In Section 1 — Protection and Improvement, Article IX says:

(1) The state and each person shall maintain and improve a clean and healthful environment in Montana for present and future generations.
(2) The legislature shall provide for the administration and enforcement of this duty.
(3) The legislature shall provide adequate remedies for the protection of the environmental life support system from degradation and provide adequate remedies to prevent unreasonable depletion and degradation of natural resources.

Held Vs. Montana

16 young plaintiffs have sued the state, claiming it has failed to provide the protections afforded to them by Article IX. Montana has a flourishing oil and gas industry. According to Statista, it ranks 13th among all US states in oil production, yet The Guardian reports that its greenhouse gas emissions exceed those of some nations.

The trial began on Monday, June 12th, with lead attorney Roger Sullivan telling the court that climate change is fueling drought, wildfires, extreme heat, and other environmental disasters throughout Montana, all of which are taking a major toll on the young plaintiffs’ health and well being. There is a “scientific consensus,” he noted, that these changes can be traced back to the burning of fossil fuels.

Sullivan described how some plaintiffs have asthma that has been worsened by abundant wildfire smoke in recent years. Some love to hunt and fish, but have seen stocks deteriorate. One plaintiff works as a ski instructor — a job threatened by warm winter temperatures and decreasing snowfall. Still others are members of Indigenous tribes whose cultural practices are threatened by climate crisis-linked shifts in weather patterns, he said.

“Pish tosh,” replied Montana assistant attorney general Michael D. Russell, who told the court, “Climate change is a global issue,” and that whatever emissions Montana may be responsible for, they are “too minuscule” to have any impact on the fact that the Earth is getting hotter.

Our Children’s Trust

The legal action against the state of Montana is being supported by Our Children’s Trust, an environmental group formed in part by Dr. James Hansen, the former NASA climate scientist who testified before the Senate Committee on Energy and Natural Resources on June 23, 1988.

Hansen testified that “Global warming has reached a level such that we can ascribe with a high degree of confidence a cause and effect relationship between the greenhouse effect and observed warming…It is already happening now. The greenhouse effect has been detected and it is changing our climate now…We already reached the point where the greenhouse effect is important.” Hansen added that NASA was 99% confident the warming was caused by the accumulation of greenhouse gases in the atmosphere and not a random fluctuation.

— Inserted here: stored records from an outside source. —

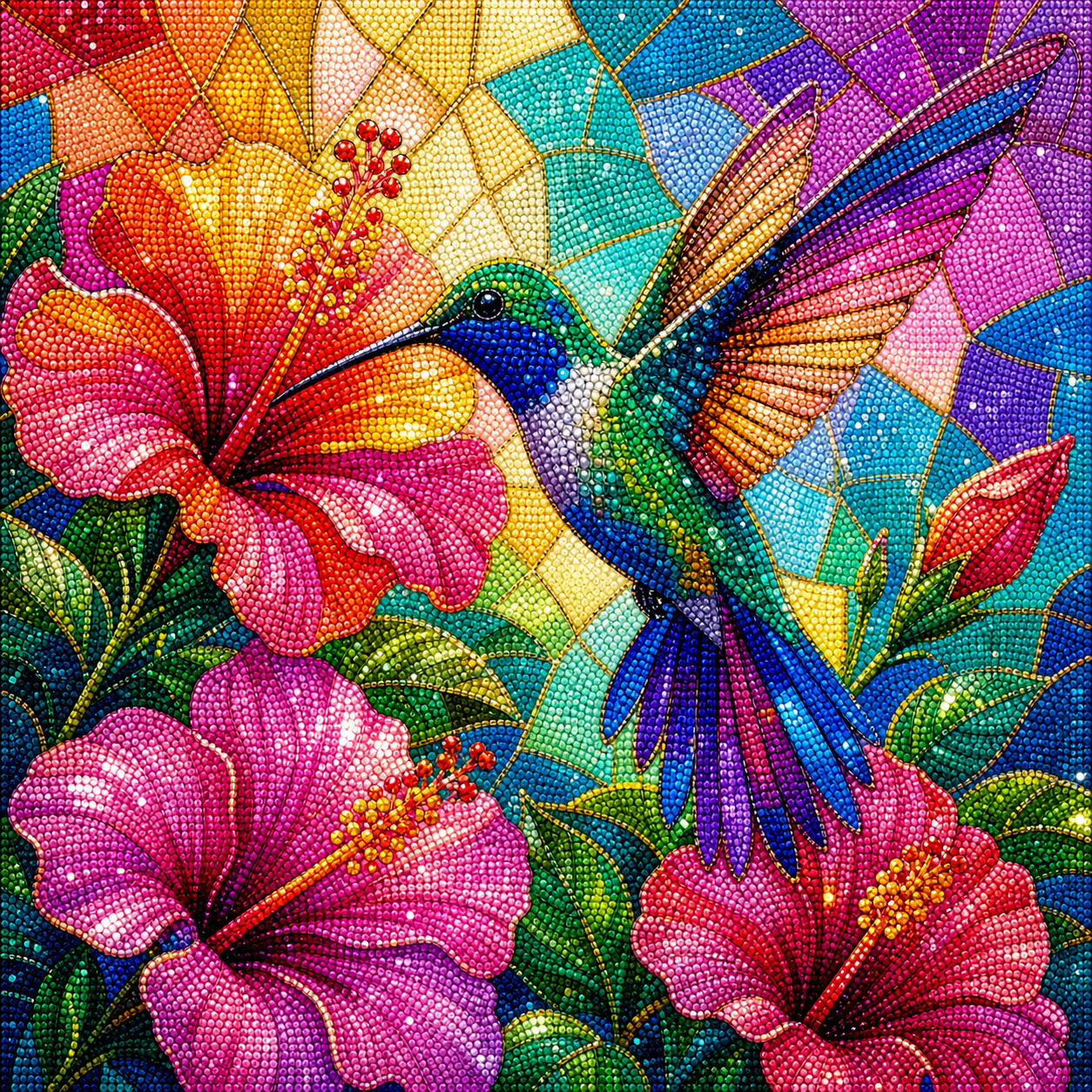 Hummingbird Hibiscus Diamond Painting Kit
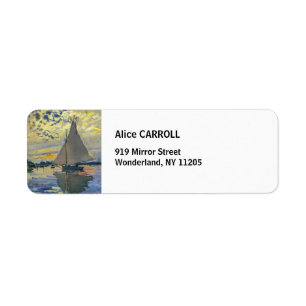 Claude Monet - Sailboat at Le Petit-Gennevilliers Label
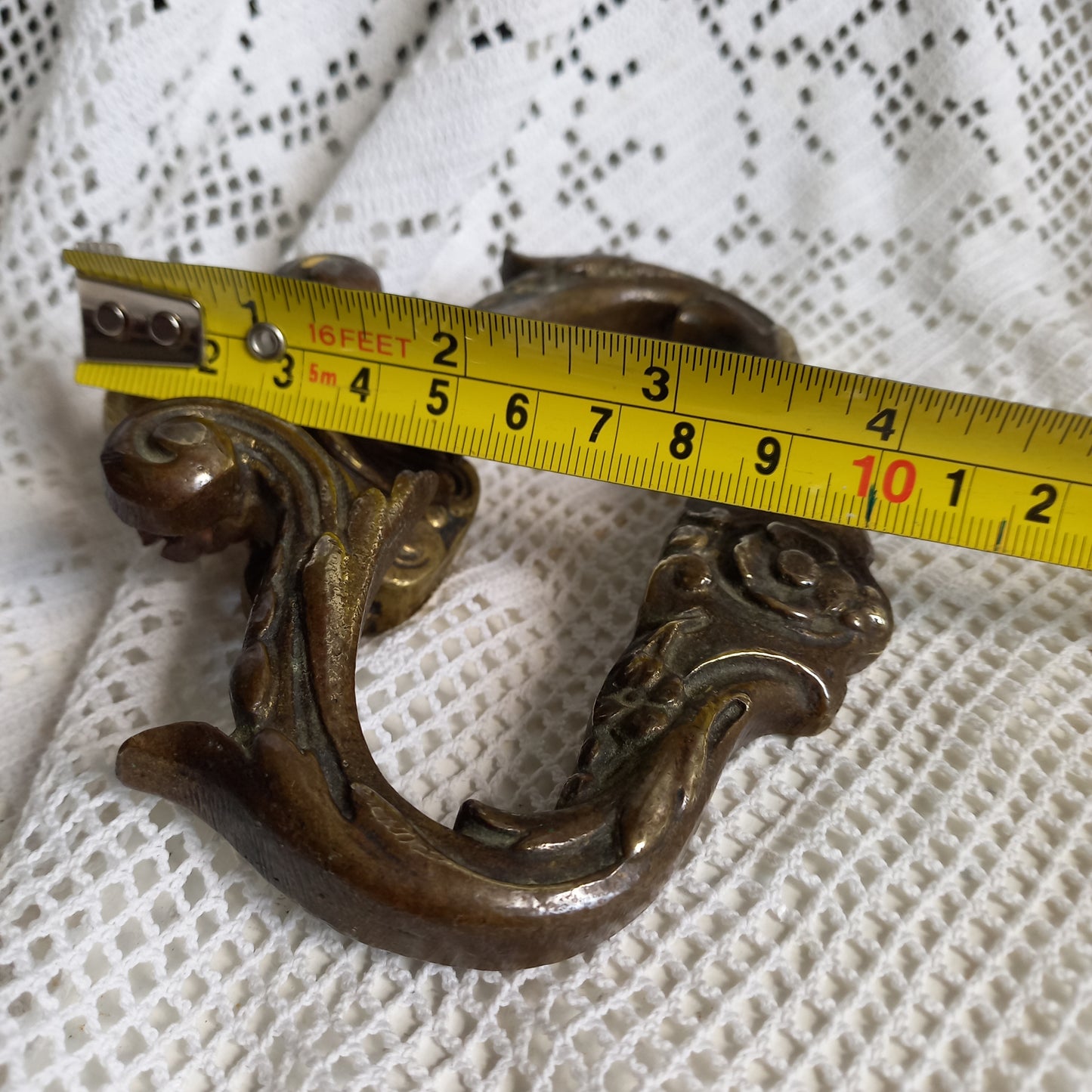 Pair of French antique decorative brass or bronze drawer handles, furniture hardware,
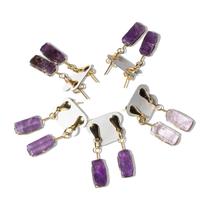 05 Brinco Pedra Ametista Retângulo Ranhurado Dourado Atacado 05 Brinco Pedra Ametista Retângulo Ranhurado Dourado Atacado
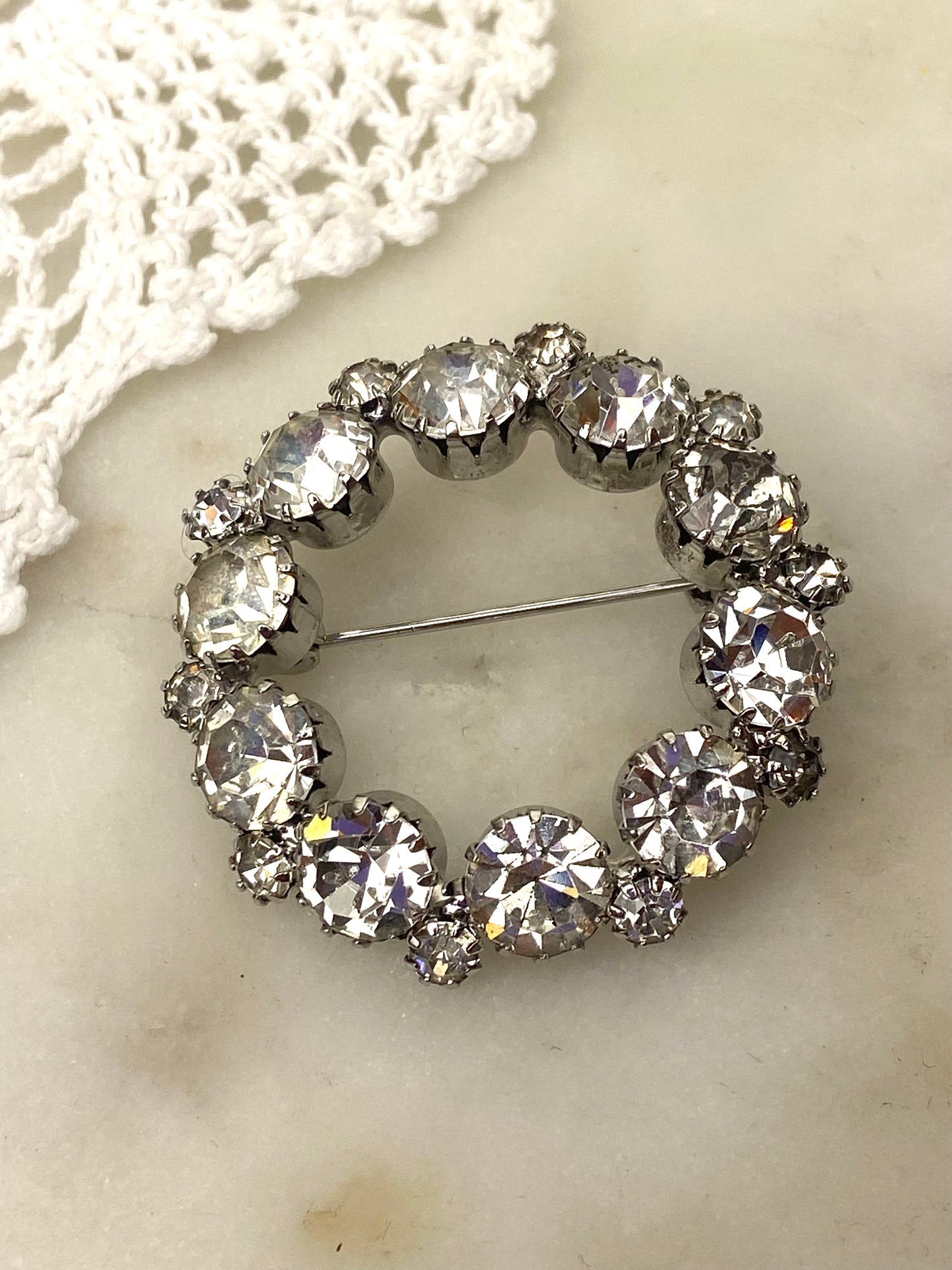 Sparkly Metal and Glass Wreath Brooch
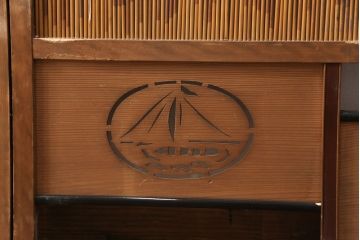 和製アンティーク　透かし彫りがアクセントの御簾戸3枚セット(建具、簾戸、簀戸、葭戸、夏障子、すど、葦戸)(R-051472)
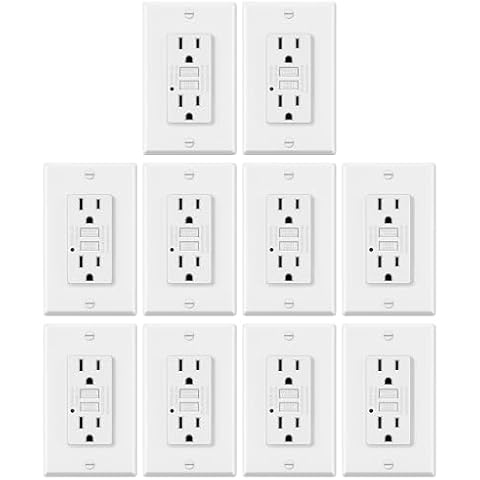ELECTECK 10 Pack GFCI Outlets 15 Amp, Non-Tamper Resistant, Decor GFI Receptacles with LED Indicator, Ground Fault Circuit Interrupter, Wallplate Included, ETL Listed, White Cover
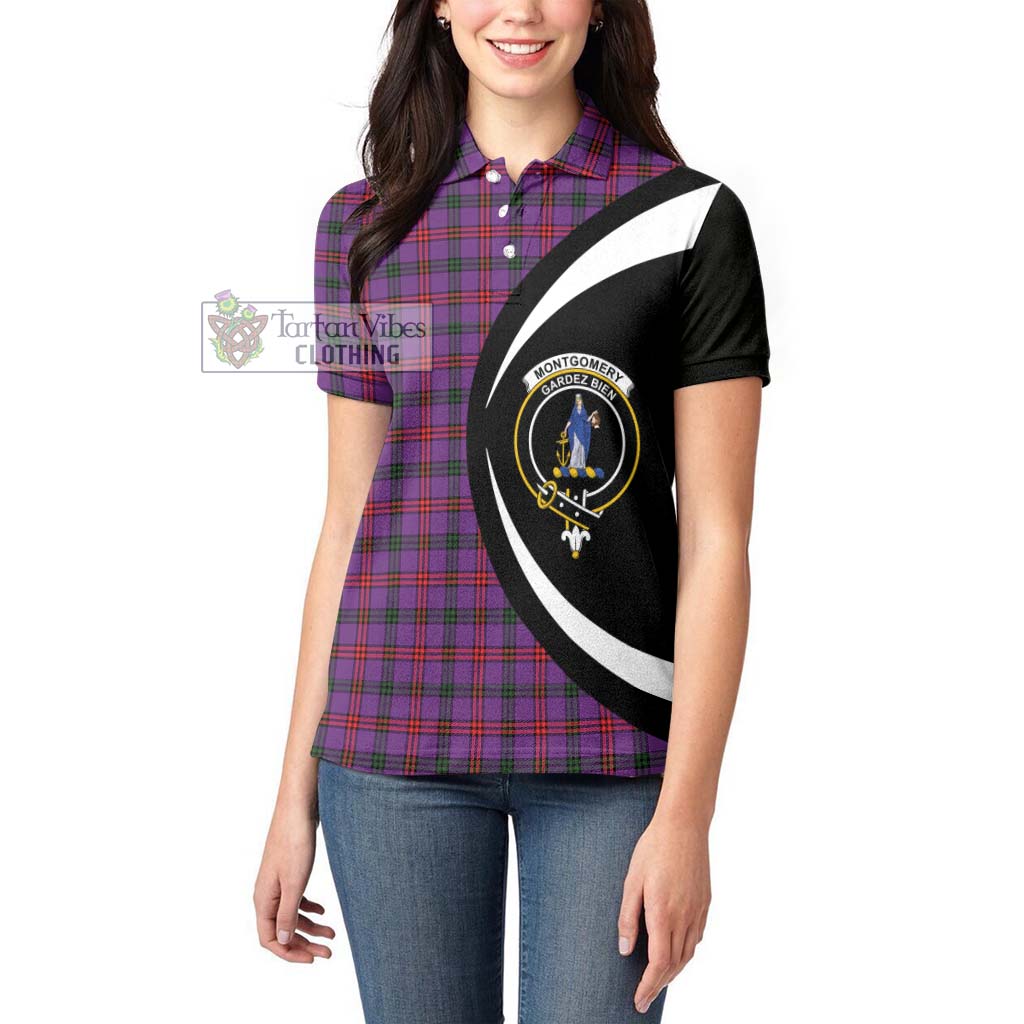 Montgomery Tartan Women's Polo Shirt with Family Crest Circle Style - Tartan Vibes Clothing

Hansen’s words, of course, have been largely ignored by the US government since that day, and the fossil fuel industry has viciously attacked him and many of his fellow climate scientists, such as Michael E. Mann, claiming among other things that they are charlatans seeking to make a quick buck by attracting lucrative research grants.

But Hansen has never backed away from the truth. Our Children’s Trust has also brought suit against the United States in federal court in a case entitled Juliana Vs. US. Hansen’s granddaughter is one of the young plaintiffs in that case. (Some of them are not so young anymore. The suit was filed in 2016 and is scheduled to go to trial soon, after the US Supreme Court refused to put the kibosh on it.)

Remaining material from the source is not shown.